Abstract
Data scientists very often find that a central step in their work, is to implement an appropriate transformation restructuring the originally given data into a new and more revealing form. Although specific domain knowledge can be used to help design representations, data-driven learning with generic priors can also be used, and the quest for AI is motivating the design of more powerful representation-learning algorithms implementing such priors. In order to make it possible to apply machine learning to different domains, it is very important to make learning algorithms less dependent on manual feature engineering, so that novel AI based applications could be developed faster.
The work in this thesis focuses not only on the mapping from representation to output but also the representation itself by mining hidden patterns from available data. Keeping this in mind, we propose a learning model to alleviate difficulties involved in feature engineering through automation. We develop a learning model, based on regression between feature pairs, that discovers underlying patterns and its variations in the data, by the way features are related to each other and selects a very small number of new features to create a significant improvement in predictive performance. Because this model takes into account the inherent feature structures, we took our next motivating example from bioinformatics. The features in this domain have some natural spatial order (for instance, in the medical domain, genes are often associated with different types of clinical features) and thus incorporating such structure can help select more important features and achieve more accurate classification accuracy. It also provides better readability and interpretability to the models.

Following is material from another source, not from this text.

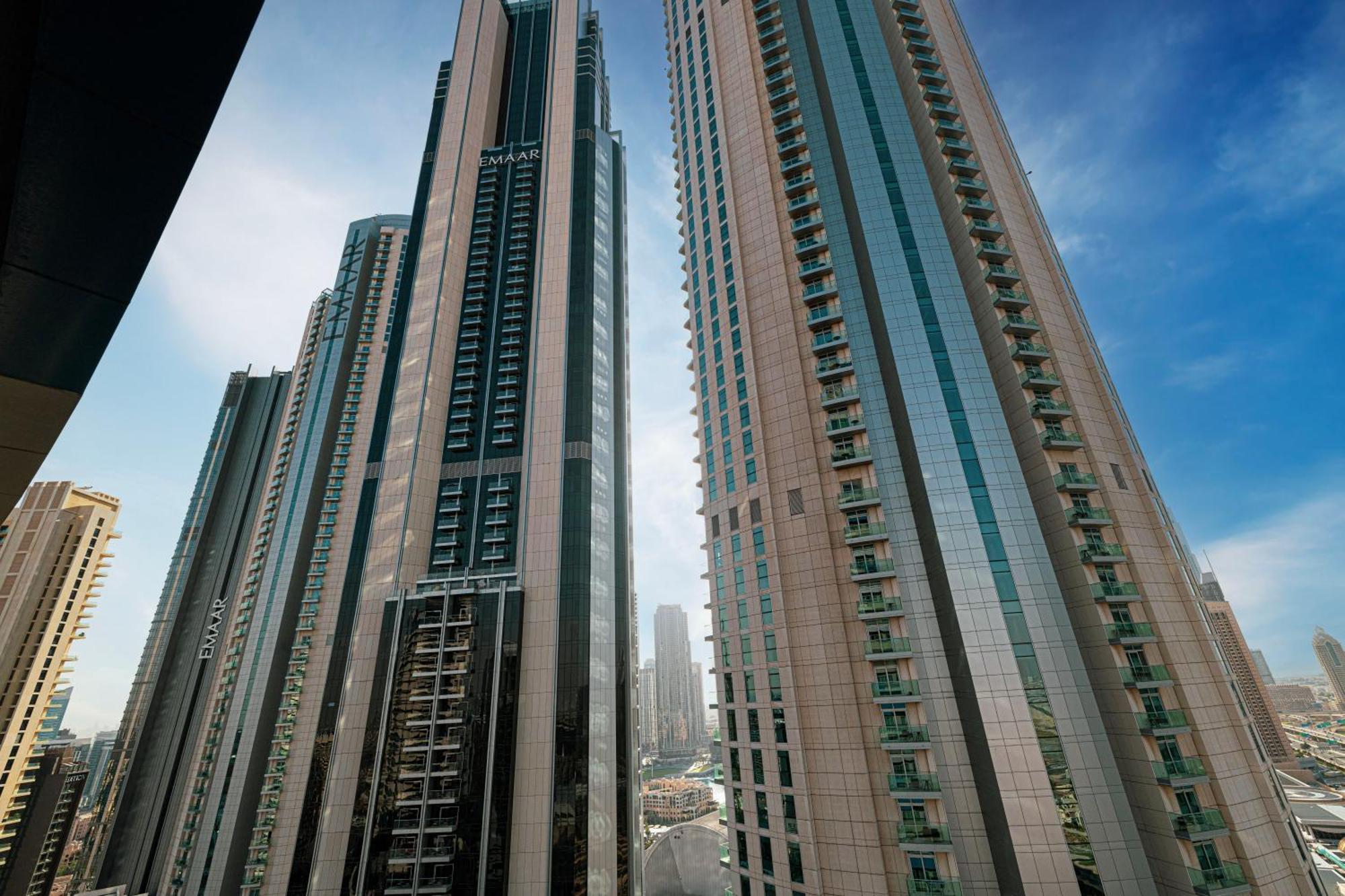2 Minute Walk To Mall - 3 Bedroom Burj Khalifa View With Pool And Apartamento Dubai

The final component of the work focuses on the problem of fake news detection. The low cost, easy access and rapid circulation of information over the internet has encouraged more people than ever, to seek out and consume news from online sources or social media rather than traditional news organizations. While the traditional (count-based) feature engineering strategies for textual data are effective methods for extracting features from text, due to the inherent nature of the model being just a bag of unstructured words, we lose additional information like the semantics, structure, sequence and context around nearby words in each text document. This formed as a motivation for us to explore more sophisticated models which can capture this information and give us features which are vector representation of words. Keeping in mind that fake news is intentionally written to mislead readers to believe false information, it can be difficult to detect it, solely based on news content. Therefore, we need to include auxiliary information, such as user social engagements on social media, to help make adetermination. We therefore design, a novel attention based hybrid network which integrates the article information along with the meta data and claims of the news articles.